RecuperaBit
RecuperaBit copied to clipboard
tikzplot raises UnicodeDecodeError and terminates process
- The final
while True
loop should catch and ignore all exceptions (but print stack trace anyway). I know it's generally a bad idea to swallow exceptions (only if you don't print or log, and the program cannot possibly continue?). But individual commands failing should not corrupt internal state, and losing analysis data built over an hour is a terrible user experience. - Maybe you should add an option to save (eg. pickle/CPickle) the 7GB of RAM to a file, and reload it later on.
- The crash below.
- Notes: NTFS stores UTF-16 (unpaired surrogates allowed) which can be encoded as WTF-8. Python 2 has 8-bit bytes/str and arbitrary-bit unicode. For the minimum changes to your code, you could try latin1 instead of ascii.
> tikzplot 67
Traceback (most recent call last):
File "main.py", line 385, in <module>
main()
File "main.py", line 382, in main
interpret(cmd, arguments, parts, shorthands, args.outputdir)

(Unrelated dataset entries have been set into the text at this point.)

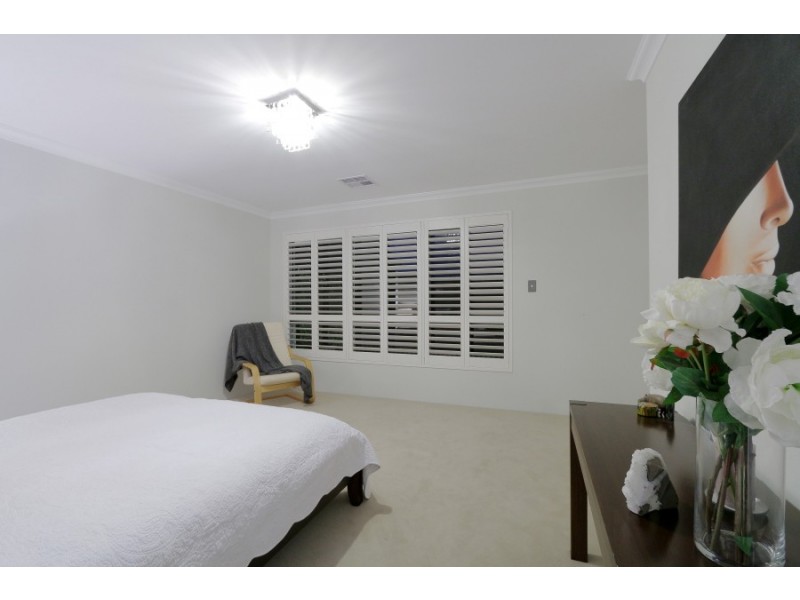 22B Searle Rd, Ardross WA 6153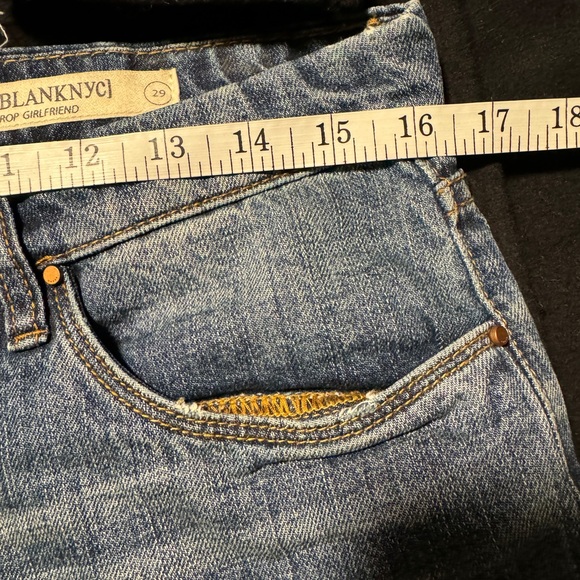 BlankNYC cropped girlfriend distressed jeans - Picture 5 of 6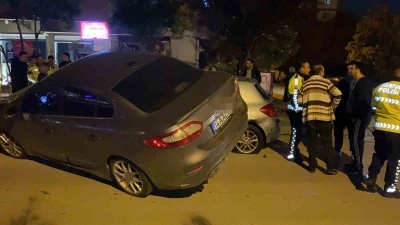 Park halindeki 2 araca çarpıp asılı kaldı: Sürücü olay yerinden kaçtı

File "main.py", line 171, in interpret
print utils.tikz_part(part)
File "/home/jimbo1qaz/Dropbox/encrypted/code/pypy/RecuperaBit/recuperabit/utils.py", line 310, in tikz_part
lines += [tikz_child(entry, 4)[0] for entry in (part.root, part.lost)]
File "/home/jimbo1qaz/Dropbox/encrypted/code/pypy/RecuperaBit/recuperabit/utils.py", line 283, in tikz_child
content, number = tikz_child(entry, padding+4)
File "/home/jimbo1qaz/Dropbox/encrypted/code/pypy/RecuperaBit/recuperabit/utils.py", line 283, in tikz_child
content, number = tikz_child(entry, padding+4)
File "/home/jimbo1qaz/Dropbox/encrypted/code/pypy/RecuperaBit/recuperabit/utils.py", line 283, in tikz_child
content, number = tikz_child(entry, padding+4)
File "/home/jimbo1qaz/Dropbox/encrypted/code/pypy/RecuperaBit/recuperabit/utils.py", line 283, in tikz_child
content, number = tikz_child(entry, padding+4)
File "/home/jimbo1qaz/Dropbox/encrypted/code/pypy/RecuperaBit/recuperabit/utils.py", line 280, in tikz_child
lines = [r'%schild {%s' % (pad, _tikz_repr(directory))]
File "/home/jimbo1qaz/Dropbox/encrypted/code/pypy/RecuperaBit/recuperabit/utils.py", line 273, in _tikz_repr
_ltx_clean(node.index), _ltx_clean(node.name)
File "/home/jimbo1qaz/Dropbox/encrypted/code/pypy/RecuperaBit/recuperabit/utils.py", line 263, in _ltx_clean
clean = str(label).replace('$', r'\$').replace('_', r'\_')
UnicodeEncodeError: 'ascii' codec can't encode character u'\xf1' in position 11: ordinal not in range(128)
Git master 18090ab9355592b623200b9e3317e1a699d6909b Python 2.7.13 (8cdda8b8cdb8ff29d9e620cccd6c5edd2f2a23ec, Apr 16 2019, 18:25:57) [PyPy 7.1.1 with GCC 8.2.0]
All your comments are spot-on and I agree with what you say. I am actually surprised that somebody else tried the TikzPlot, it was left there just because I needed some figures in my thesis. 😄
Maybe you should add an option to save (eg. pickle/CPickle) the 7GB of RAM to a file
In the perspective of a future 2.0 version, I was thinking about using a more advanced file format, rather than the current savefile which is quite poor. It could be based on a SQLite DB so the RAM usage would considerably drop as well.
Python 2 has 8-bit bytes/str and arbitrary-bit unicode
True. The fact that RecuperaBit is currently written in Python 2 provides several issues with Unicode, it should definitely be ported to Python 3.
Unfortunately, I do not have a lot of free time these days and thus I am not in a position to provide time estimates for this task.
Sigh, I guess like this was also responsible of my crash with tree
Traceback (most recent call last):
File "main.py", line 384, in <module>
main()
File "main.py", line 381, in main
interpret(cmd, arguments, parts, shorthands, args.outputdir)
File "main.py", line 118, in interpret
print utils.tree_folder(part.lost)
File "python-2_7_17_amd64\lib\codecs.py", line 369, in write
data, consumed = self.encode(object, self.errors)
File "python-_7_17_amd64\lib\encodings\cp1252.py", line 12, in encode
return codecs.charmap_encode(input,errors,encoding_table)
UnicodeEncodeError: 'charmap' codec can't encode characters in position 11295777
-11295778: character maps to <undefined>
@nyanpasu64 I was wondering if, by any chance, you could try the newly released v1.1.2 (for Python3) and see if it still gives you those errors.
@mirh some feedback from you would be great as well.
Thanks to both of you for your time.